A few weeks later, because the local news got involved, I learned that Anna had possibly saved her mother’s life for the third time by calling 911 when she found the woman unconscious from overdose. The first two times, Anna was punished by her mother’s boyfriend for involving the police. This was the only glimpse inside Anna’s life I would get.
Anna and her sisters were removed from the home over Christmas break. They went to live with their aunt, who had tried for years to help their mother. Failing that, the aunt was determined to get custody of all three girls, to give them a chance to find out what they’re worth.
I wish I could say that my experience with Anna made me think about what Suzy said—to be gentle with myself, to treat myself the way I’d treat an abandoned child. But I couldn’t think about it then because it would have been like putting myself in the same category as Anna, and I was pretty sure my worst days couldn’t even hold a candle to her ordinary ones.
This may be why it’s so hard to practice compassion for ourselves: Comparing our injuries is a human default. As long as there are children like Anna, what have I got to complain about? Millions of people suffered the black plague and the slave trade and the Holocaust. How much does it really matter if I’m dealing with depression, financial setbacks, or unmet emotional needs?
I think the answer to this question has something to do with the false formula I embraced for so long. I thought that if I signed up for the crappy job and chose the bad donut and took whatever “hit” was lurking out there, I was somehow absorbing the bad for someone else and thereby preserving the good for them—but this is simply not how it works. A woman who hides in a cave does not make more sunlight available for others because she isn’t partaking herself. A woman who has cancer is not making health more available to others by being the one with cancer. A woman in a destructive relationship is not making healthy relationships more available to others because she didn’t “take” such a relationship for herself. In fact, the exact opposite is true. Good generates more good and makes more good possible for everyone around it.

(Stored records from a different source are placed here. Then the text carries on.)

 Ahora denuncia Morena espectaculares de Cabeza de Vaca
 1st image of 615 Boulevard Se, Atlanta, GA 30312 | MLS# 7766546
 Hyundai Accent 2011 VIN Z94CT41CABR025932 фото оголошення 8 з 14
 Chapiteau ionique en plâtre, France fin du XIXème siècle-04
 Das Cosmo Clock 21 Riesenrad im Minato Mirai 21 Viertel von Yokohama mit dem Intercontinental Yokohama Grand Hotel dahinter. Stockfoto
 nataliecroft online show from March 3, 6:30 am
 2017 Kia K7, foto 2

So how much does it really matter if you’re dealing with depression or a broken heart or the sort of private sorrow that feels like it could suffocate you in your sleep? It’s the most important thing you will ever tend to, because your heart is the command center for everything else in your life—and you are incredibly powerful, whether you like it or not.

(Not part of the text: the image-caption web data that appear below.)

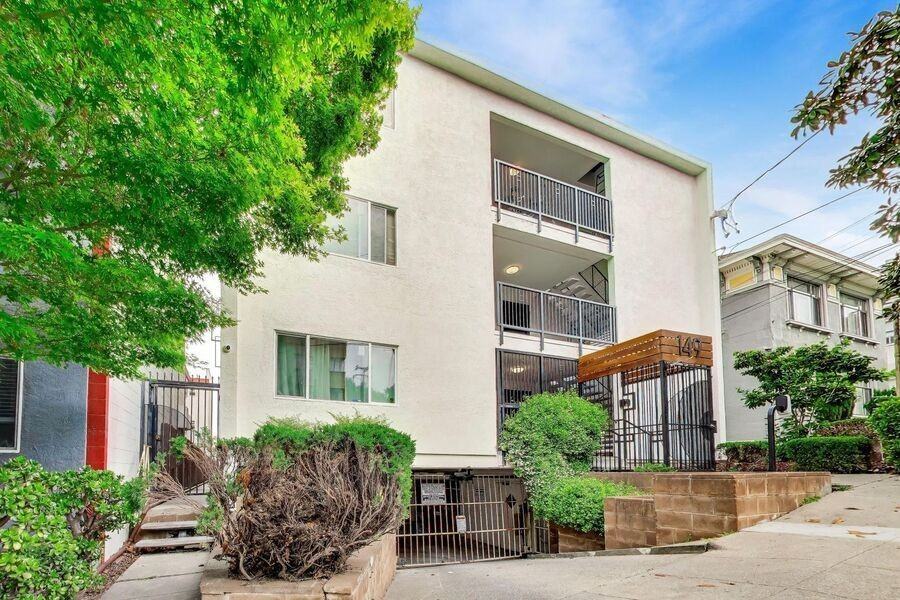 149 Montecito Ave #207 - Photo 6 of 26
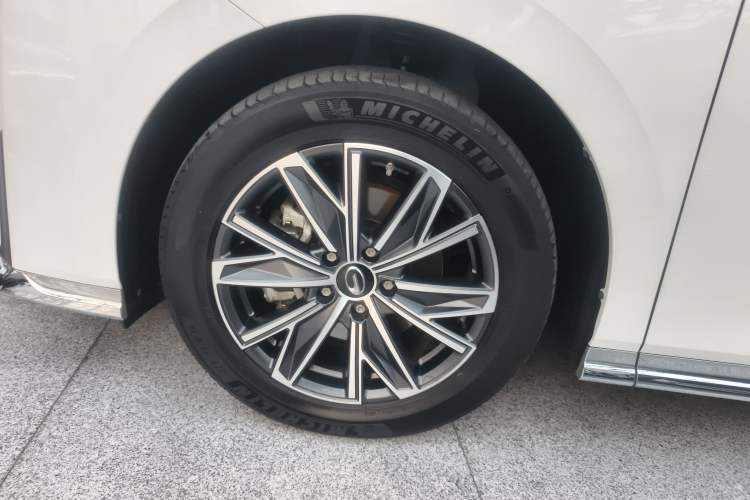 Used GAC Trumpchi M8 2024 Master Series 400T Ultimate Edition Exterior 4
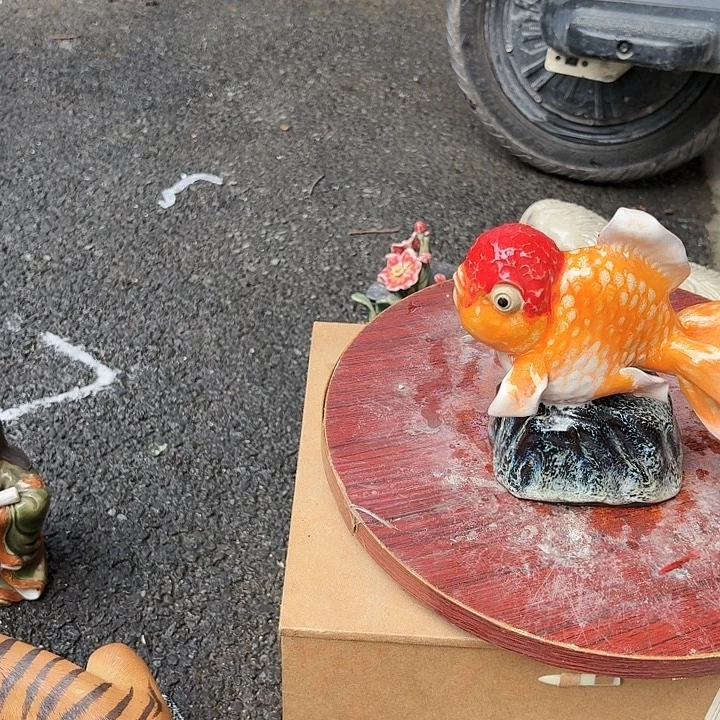寒***至有机玻璃陶瓷摆件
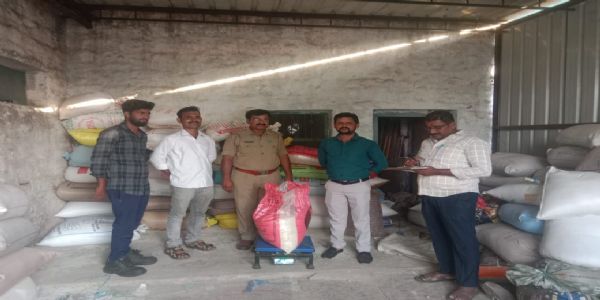 ಹೊಸಪೇಟೆ : ಅಕ್ರಮ ಪಡಿತರ ಸಾಗಣೆ, 193 ಕ್ವಿಂಟಾಲ್ ಆಹಾರಧಾನ್ಯ ವಶ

Your power is not the stoic ability to defer, to hide in a cave and nurse the illusion that you’re leaving more sunlight for the others. Your power is about being seen in the sunlight and being warmed by it, so others can see that enjoying and receiving the sunlight isn’t selfish—it’s healthy, and it gives permission for others to be healthy, too.

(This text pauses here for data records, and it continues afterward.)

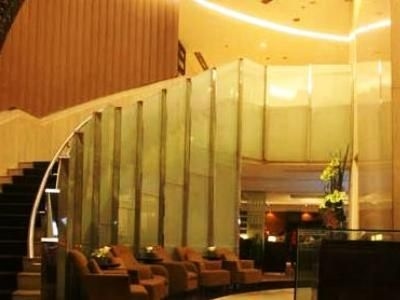 Astoria Plaza2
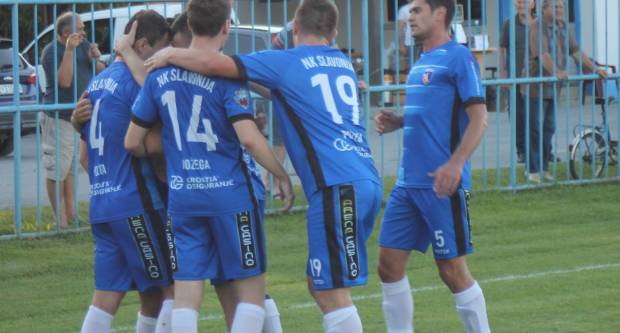 Igrači NK ʺSlavonijaʺ pobijedili HNK ʺĐakovo Croatiaʺ 2:1 i zasjeli na vrh tablice 3. HNL Istok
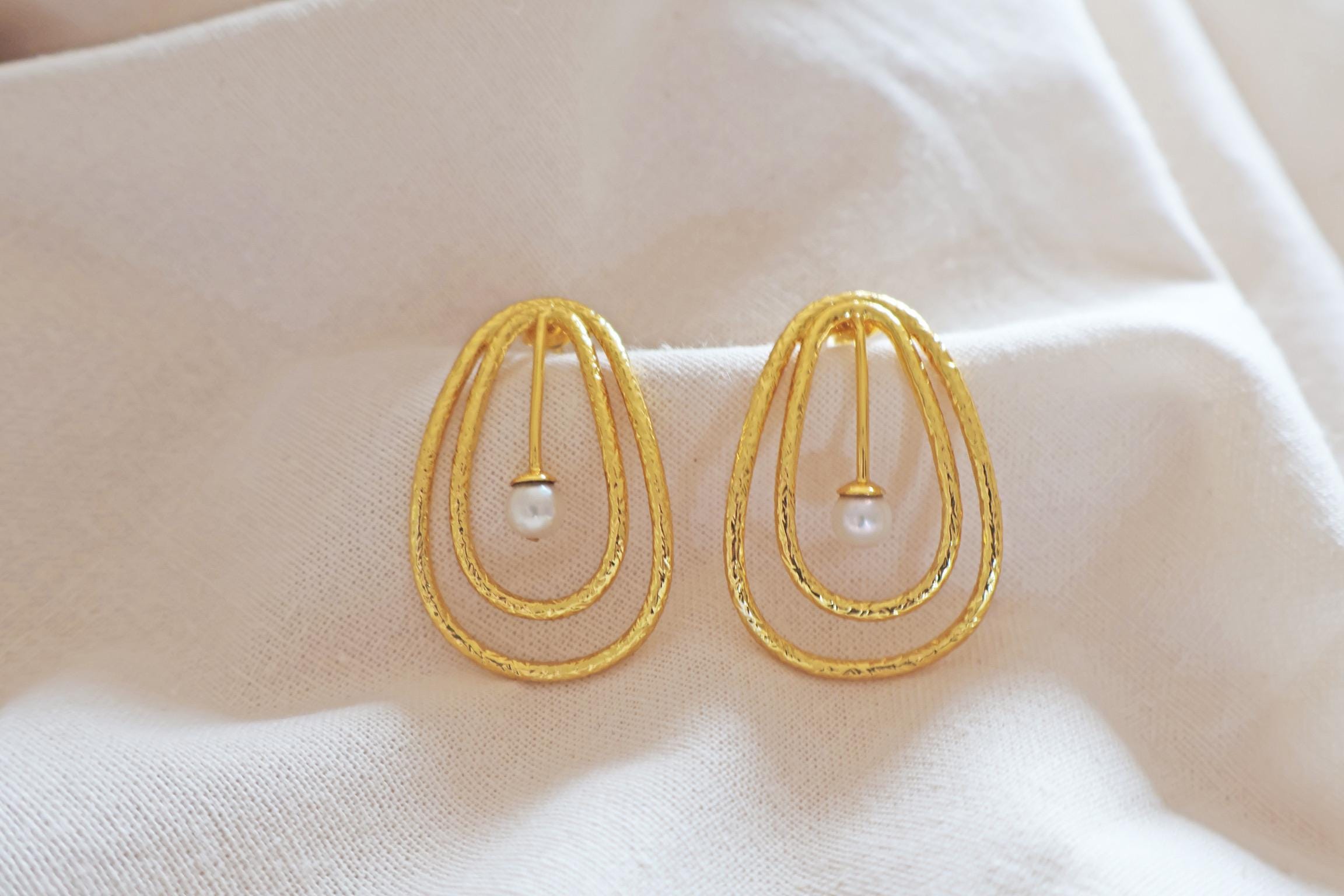 Vergoldete Ohrringe mit Süßwasserperle – 24k Gold (999) I Handgemacht in Nepal I Ethischer Schmuck I Elegante Tropfen Ohrringe I zeitlos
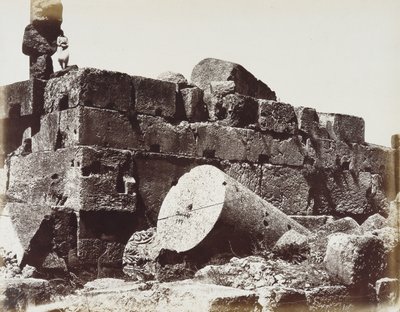 Ruïnes van de zuilen van de Tempel van Jupiter, in de archeologische zone van Heliopolis of Baalbek, oude Syrische stad, nu Libanon door Félix Bonfils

Leaving the cave, whatever that may mean to you, is one way to start good things even before bad things have stopped.
Here’s one good starting place. These are the words from a favorite (and well-circulated) meme. I don’t know the author, but I give them credit for lifting my heart.
- Treat yourself the way you would treat a small child.
- Feed yourself healthy food and make sure you spend time outside.
- Put yourself to bed early. Let yourself take naps.
- Don’t say mean things to yourself.
- Don’t put yourself in danger.
- (Your skull and your heart are still as fragile as eggshells.)
And I want to add one more line: Decide what you will help that small child grow up to be next. No matter how old you are today, you are always becoming something, every day that you’re still alive.
So draw your ballerina. She’s not a lie. She’s real, and she’s learning how to dance.